WATCH | Student from the class of 2021 talks about life after graduation:
Shelley Wiart, Lloydminster, Alta.
Shelley Wiart is a mature Métis student with three daughters, living in a rural community in Alberta and is graduating from Athabasca University with a degree major in sociology and a minor in gender studies.
She plans to go to law school to continue her work advocating for Indigenous communities.
“Becoming a lawyer to me means that I have the tools in place in order to change legislation so that Indigenous communities are protected, that their data is protected, that their knowledge is protected, that they have a way to advocate for themselves, and that there’s a nation to nation relationship.”
Wiart said that she didn’t see motherhood as something that stood in the way of pursuing higher education.
“I think that it’s really important that they see how hard I work and that I’m achieving my goals and dreams,” she said.
“They saw how hard I was working, and they gave me a graduation card two weeks ago.”
WATCH | Wiart on continuing post-secondary education as a mature student:
Raed Baker, Brampton, Ont.
Raed Baker is graduating with an honours degree in human resource management at York University in Toronto. His parents covered part of his financial costs and the rest he paid for it using loans from the Ontario Students Assistance Program (OSAP).
His focus is getting out of debt.
“It’s been quite difficult, especially hearing some people’s stories of how they graduated last year with an HR degree and still cannot find a job that’s within the actual field that we studied for,” he said.

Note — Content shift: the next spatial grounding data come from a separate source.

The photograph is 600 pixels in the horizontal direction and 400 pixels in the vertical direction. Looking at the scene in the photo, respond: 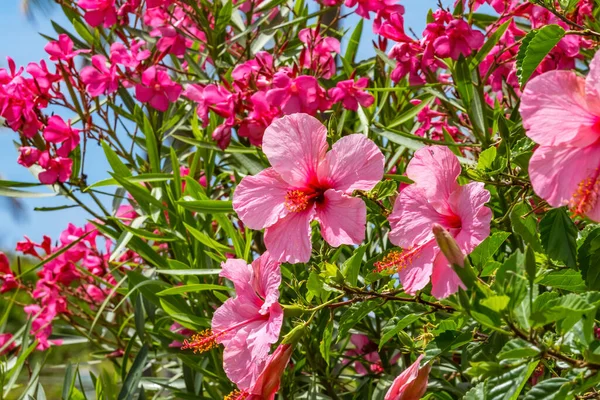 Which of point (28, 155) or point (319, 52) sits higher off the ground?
point (319, 52)

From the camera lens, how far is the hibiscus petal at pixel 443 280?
71cm

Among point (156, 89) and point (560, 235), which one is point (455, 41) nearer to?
point (560, 235)

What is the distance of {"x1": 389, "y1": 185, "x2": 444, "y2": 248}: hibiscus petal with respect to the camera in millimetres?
783

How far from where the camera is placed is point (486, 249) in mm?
793

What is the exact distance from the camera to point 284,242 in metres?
0.85

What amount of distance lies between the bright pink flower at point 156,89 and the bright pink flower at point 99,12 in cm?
19

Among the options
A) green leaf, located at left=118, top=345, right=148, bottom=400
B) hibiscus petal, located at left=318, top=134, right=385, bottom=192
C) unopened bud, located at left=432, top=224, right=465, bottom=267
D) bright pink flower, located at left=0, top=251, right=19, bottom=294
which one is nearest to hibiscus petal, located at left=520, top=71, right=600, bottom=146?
unopened bud, located at left=432, top=224, right=465, bottom=267

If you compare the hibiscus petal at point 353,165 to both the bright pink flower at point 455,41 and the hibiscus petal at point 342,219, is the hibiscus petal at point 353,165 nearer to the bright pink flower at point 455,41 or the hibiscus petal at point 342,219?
the hibiscus petal at point 342,219

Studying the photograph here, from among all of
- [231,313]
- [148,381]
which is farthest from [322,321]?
[148,381]

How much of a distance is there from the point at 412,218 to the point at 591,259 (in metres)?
0.17

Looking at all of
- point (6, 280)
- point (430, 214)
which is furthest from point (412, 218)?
point (6, 280)

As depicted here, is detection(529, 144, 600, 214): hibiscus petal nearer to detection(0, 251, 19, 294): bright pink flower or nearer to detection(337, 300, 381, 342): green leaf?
detection(337, 300, 381, 342): green leaf

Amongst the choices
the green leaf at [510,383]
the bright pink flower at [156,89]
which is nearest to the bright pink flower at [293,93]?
the bright pink flower at [156,89]

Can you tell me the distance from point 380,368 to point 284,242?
3.12ft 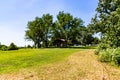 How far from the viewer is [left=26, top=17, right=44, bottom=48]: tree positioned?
86338 mm

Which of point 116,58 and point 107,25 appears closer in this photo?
point 116,58

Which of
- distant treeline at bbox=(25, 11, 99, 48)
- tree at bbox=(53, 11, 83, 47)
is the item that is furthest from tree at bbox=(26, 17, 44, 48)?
tree at bbox=(53, 11, 83, 47)

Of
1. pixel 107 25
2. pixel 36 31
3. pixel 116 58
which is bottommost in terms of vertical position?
pixel 116 58

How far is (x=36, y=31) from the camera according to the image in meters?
86.4

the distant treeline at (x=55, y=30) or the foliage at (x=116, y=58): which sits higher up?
the distant treeline at (x=55, y=30)

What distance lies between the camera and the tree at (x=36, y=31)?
86.3 m

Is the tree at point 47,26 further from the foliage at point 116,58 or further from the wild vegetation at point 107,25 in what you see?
the foliage at point 116,58

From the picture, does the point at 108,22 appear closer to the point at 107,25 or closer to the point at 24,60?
the point at 107,25

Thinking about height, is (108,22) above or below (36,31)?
below

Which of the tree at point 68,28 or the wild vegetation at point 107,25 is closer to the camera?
the wild vegetation at point 107,25

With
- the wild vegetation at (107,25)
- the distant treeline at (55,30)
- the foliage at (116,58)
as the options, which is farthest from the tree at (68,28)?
the foliage at (116,58)

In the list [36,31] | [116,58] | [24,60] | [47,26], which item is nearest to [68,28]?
[47,26]

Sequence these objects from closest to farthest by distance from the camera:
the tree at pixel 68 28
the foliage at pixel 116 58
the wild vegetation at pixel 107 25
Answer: the foliage at pixel 116 58 < the wild vegetation at pixel 107 25 < the tree at pixel 68 28

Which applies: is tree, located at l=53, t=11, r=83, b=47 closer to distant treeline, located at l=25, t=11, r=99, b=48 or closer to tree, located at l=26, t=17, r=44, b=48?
distant treeline, located at l=25, t=11, r=99, b=48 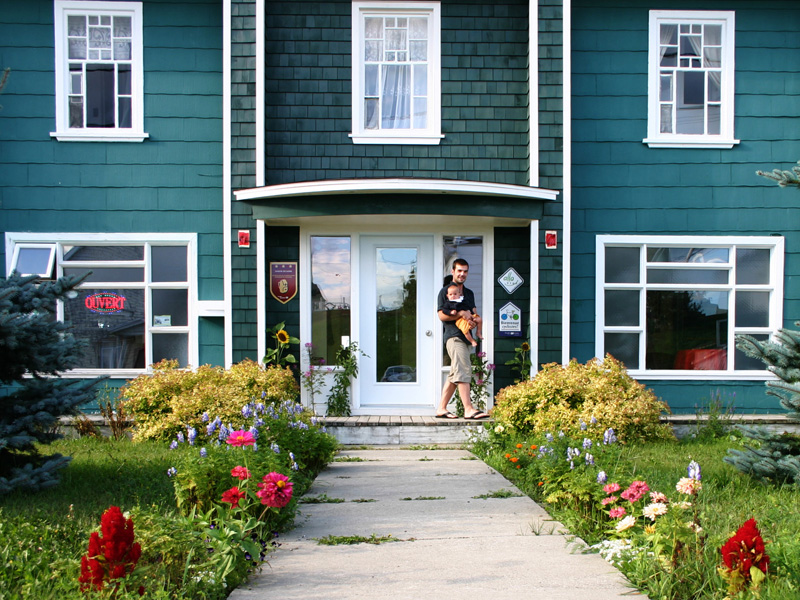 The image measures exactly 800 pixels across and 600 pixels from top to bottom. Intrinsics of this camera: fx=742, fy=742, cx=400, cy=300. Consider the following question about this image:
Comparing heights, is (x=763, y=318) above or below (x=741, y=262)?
below

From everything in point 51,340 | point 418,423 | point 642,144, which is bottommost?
point 418,423

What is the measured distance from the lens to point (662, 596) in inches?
131

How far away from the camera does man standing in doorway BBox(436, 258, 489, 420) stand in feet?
27.2

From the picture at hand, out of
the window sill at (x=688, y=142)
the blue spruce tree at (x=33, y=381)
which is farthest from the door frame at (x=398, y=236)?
the blue spruce tree at (x=33, y=381)

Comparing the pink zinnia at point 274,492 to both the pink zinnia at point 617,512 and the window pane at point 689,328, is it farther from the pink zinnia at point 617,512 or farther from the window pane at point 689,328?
the window pane at point 689,328

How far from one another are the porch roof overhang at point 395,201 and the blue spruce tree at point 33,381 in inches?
140

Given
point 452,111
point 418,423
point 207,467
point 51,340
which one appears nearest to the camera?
point 207,467

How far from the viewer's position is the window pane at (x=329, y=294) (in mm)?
9117

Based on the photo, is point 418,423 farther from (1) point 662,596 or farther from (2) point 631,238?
(1) point 662,596

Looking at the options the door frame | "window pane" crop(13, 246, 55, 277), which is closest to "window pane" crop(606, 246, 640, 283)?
the door frame

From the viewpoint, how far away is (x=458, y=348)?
8.28 metres

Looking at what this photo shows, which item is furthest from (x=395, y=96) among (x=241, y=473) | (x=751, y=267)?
(x=241, y=473)

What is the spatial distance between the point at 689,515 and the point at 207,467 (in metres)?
2.71

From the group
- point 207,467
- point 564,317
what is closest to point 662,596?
point 207,467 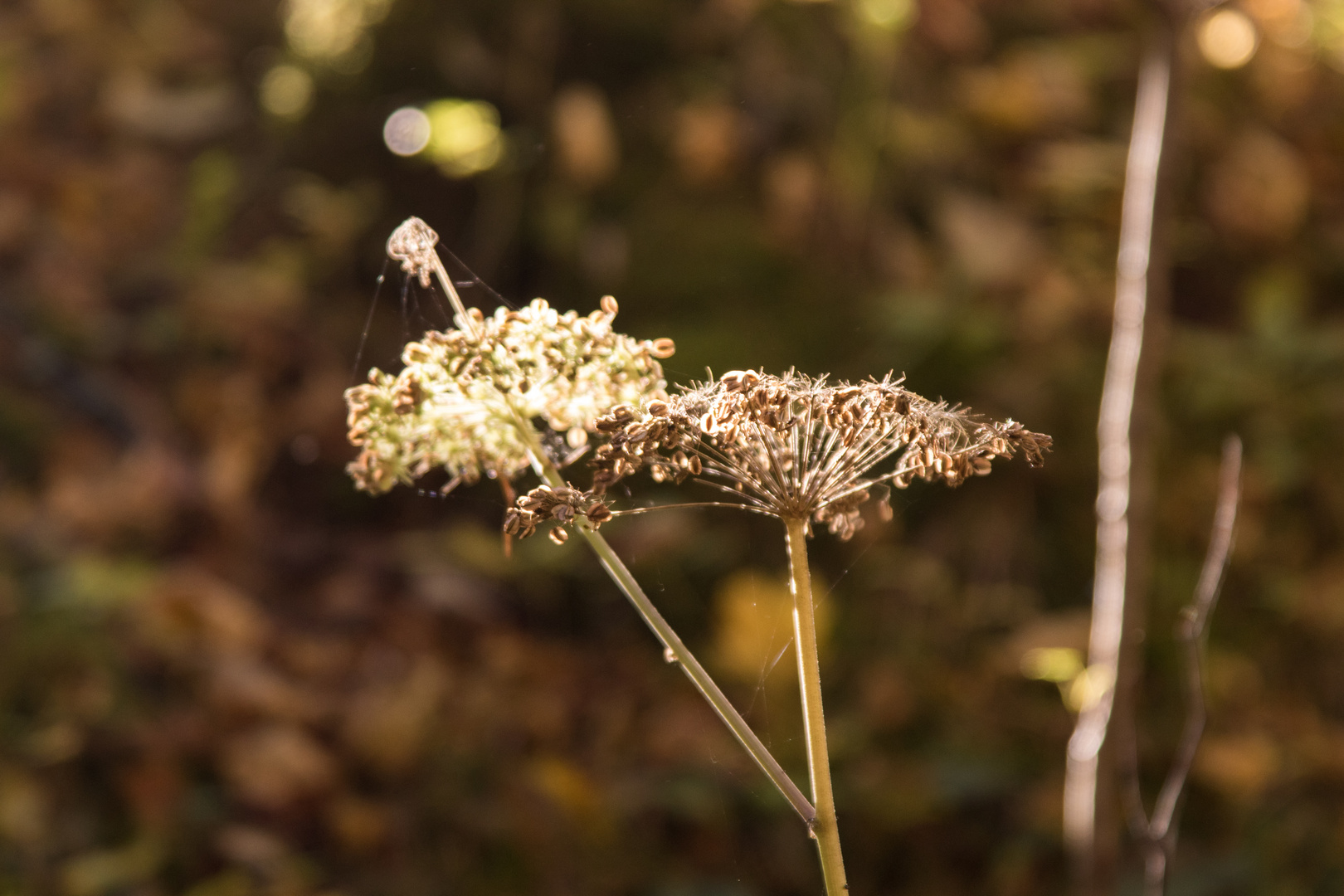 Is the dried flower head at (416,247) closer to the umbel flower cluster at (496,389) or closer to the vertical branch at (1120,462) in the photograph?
the umbel flower cluster at (496,389)

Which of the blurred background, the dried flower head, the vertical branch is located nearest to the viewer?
the dried flower head

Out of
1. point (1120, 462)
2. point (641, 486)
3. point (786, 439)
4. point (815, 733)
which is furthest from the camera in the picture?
point (641, 486)

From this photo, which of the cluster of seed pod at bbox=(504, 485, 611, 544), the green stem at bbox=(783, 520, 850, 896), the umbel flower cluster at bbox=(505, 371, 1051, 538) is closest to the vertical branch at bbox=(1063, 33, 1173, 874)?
the umbel flower cluster at bbox=(505, 371, 1051, 538)

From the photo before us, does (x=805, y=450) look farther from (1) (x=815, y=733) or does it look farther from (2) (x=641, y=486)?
(2) (x=641, y=486)

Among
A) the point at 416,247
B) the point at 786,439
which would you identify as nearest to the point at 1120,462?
the point at 786,439

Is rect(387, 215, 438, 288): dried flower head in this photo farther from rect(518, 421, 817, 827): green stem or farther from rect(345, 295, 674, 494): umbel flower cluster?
rect(518, 421, 817, 827): green stem

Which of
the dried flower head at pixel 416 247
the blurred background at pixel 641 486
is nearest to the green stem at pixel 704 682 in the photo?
the dried flower head at pixel 416 247

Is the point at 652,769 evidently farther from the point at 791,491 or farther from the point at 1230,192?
the point at 1230,192
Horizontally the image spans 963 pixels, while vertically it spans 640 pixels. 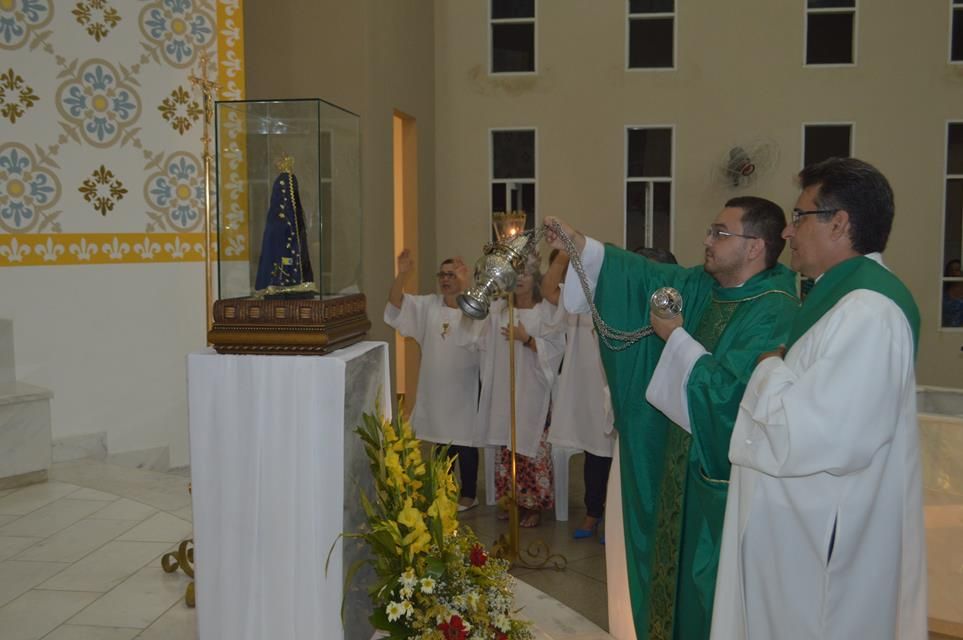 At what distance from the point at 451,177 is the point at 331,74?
3357 mm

“It’s definitely something that’s scary and raises a lot of questions, but I’m still hopeful for finding a good job and within my field.”
Elizabeth Taylor, Halifax
Elizabeth Taylor is graduating from Dalhousie University’s Schulich School of Law in Halifax, and said her virtual learning experience allowed her to be more involved in extracurricular activities.
“If you’re at home, you can just jump onto a Zoom call… I was able to be more engaged in different societies than I previously was able to be.”
Taylor added that as the president of the Dalhousie Black Law Students Association during the pandemic, she focused her attention on the mental well-being of her members.
“I wanted to make sure I prioritized mental health and wellness and community,” she said. “We did a lot of small dinners and a fundraiser where we were able to donate to the East Preston daycare centre.”